TOMATO CORN CURRY RICE
Ever wonder what to do with fresh corn-on–the-cob besides eating it straight from the cob? I did, and this tomato corn curry rice is what I came up with. Super simple. Super tasty. Light and refreshing!
Makes 8 cups rice and 6 cups tomato corn
3-1/2 c. water
2 t. salt
2 t. mild Madras curry powder
2 t. dried cilantro leaves
1 t. turmeric
3 c. Jasmine rice, rinsed in wire mesh strainer till water runs clear
1 T. extra virgin olive oil
1 c. diced green pepper
1 c. diced sweet red pepper
1 c. diced sweet onion
salt to taste
4 cooked ears corn-on-the cob; remove kernels and discard cobs
28 oz. can diced tomatoes
2 t. mild Madras curry powder
1 t. garlic powder
fresh grind black pepper to taste
salt to taste
fresh cilantro leaves for garnish (optional but nice)
In large saucepan combine water, salt, curry, dried cilantro, turmeric and garlic. Bring to boil. Add rice, stir, return to boil. Cover tightly, reduce heat to low and cook 15 minutes. Remove from heat, remove cover and fluff with utensil.
In another pan over medium heat, melt olive oil – only 1 tablespoon is needed.
Add both peppers, onion, salt to taste. Saute till tender. Depending on the type of pan you use, you’ll get a little or a lot of char on the bottom of the pan.
Add corn kernels, a little more salt, then saute till heated through.
Add tomatoes, curry and garlic. Stir well, salt and pepper to taste, then cook on low heat for about 10 minutes, stirring as needed, rubbing some of the char into the tomato corn mix. Remove from heat.

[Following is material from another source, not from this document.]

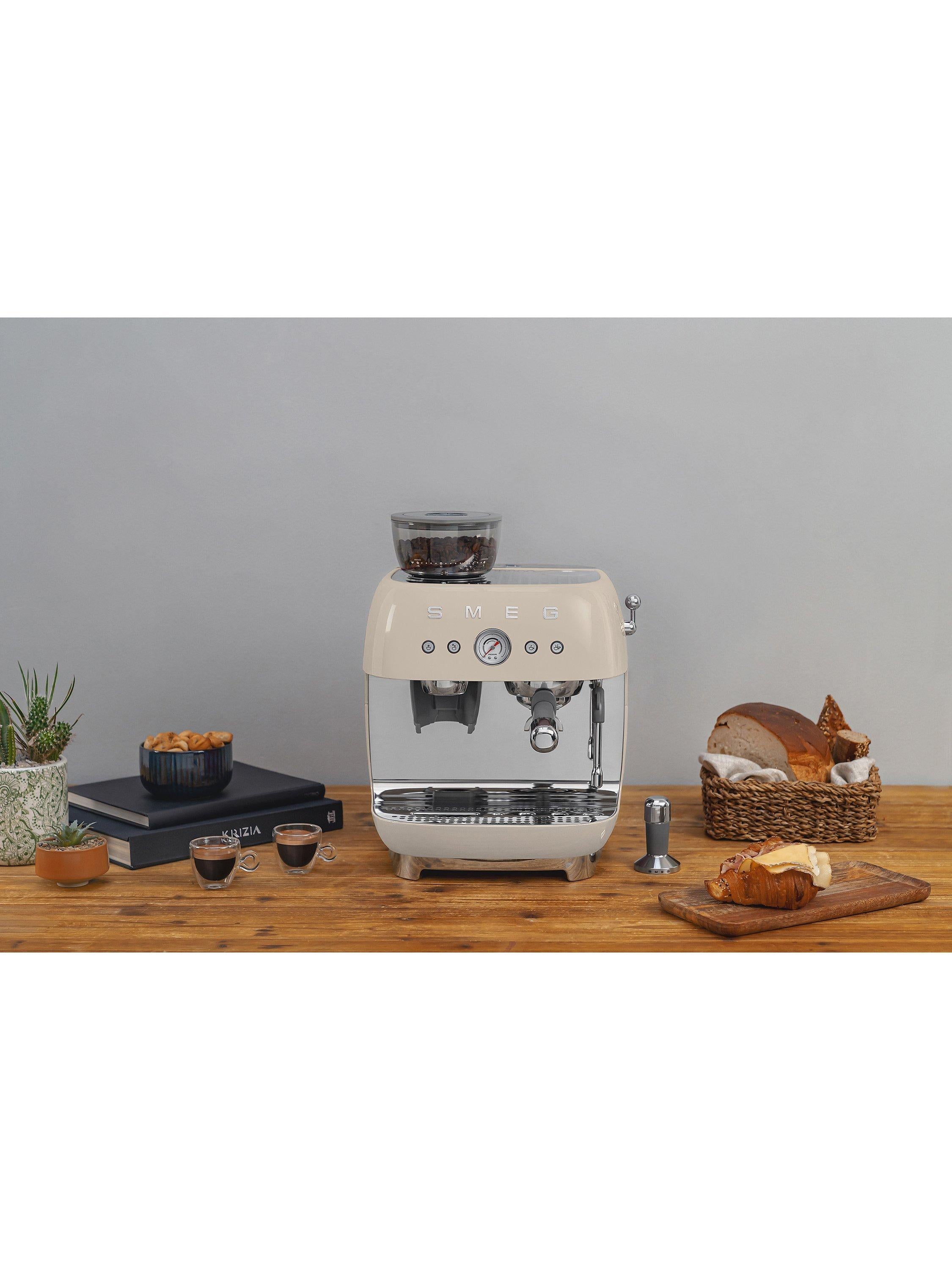 Smeg EGF03 Automatic Espresso Machine with 2.4L reservoir (British brand)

Stay at the stove or at least in the kitchen, otherwise the small amount of liquid with all evaporate. Pay attention.
Serve the tomato corn curry over the rice. Top with fresh cilantro leaves. Or, mix it all together. We had it both ways and liked it both ways.
Notes: Dried cilantro isn’t usually available in mainstream supermarkets and local grocery shops that I shop at, so substitute dried basil or tarragon or a combination of both. I got mine at a specialty herb and spice shop. McCormick brand makes it. It’s also available online. Not many people use it in their recipes, but I like it.
Sometimes when cooking rice with additives, the rice will stick to the bottom of the pan. Scoop up only what is loose. Don’t try to scrape all the hardened bits up into the fluffy rice. You won’t lose much rice.
Recently when dining at a local Chinese restaurant, the cook did exactly that – scraped too thoroughly the bottom of the rice pot – and I was picking hard bits of rice out of my mouth the entire meal. Now when I go back, I will not order rice with anything. It’s not worth the effort or the possible broken tooth.
Use whatever curry you like. Madras is my favorite, but even I can’t always find it unless I purchase it online. If you’ve never tasted it give it a try sometime. Unless you like a lot of heat, start with the mild version.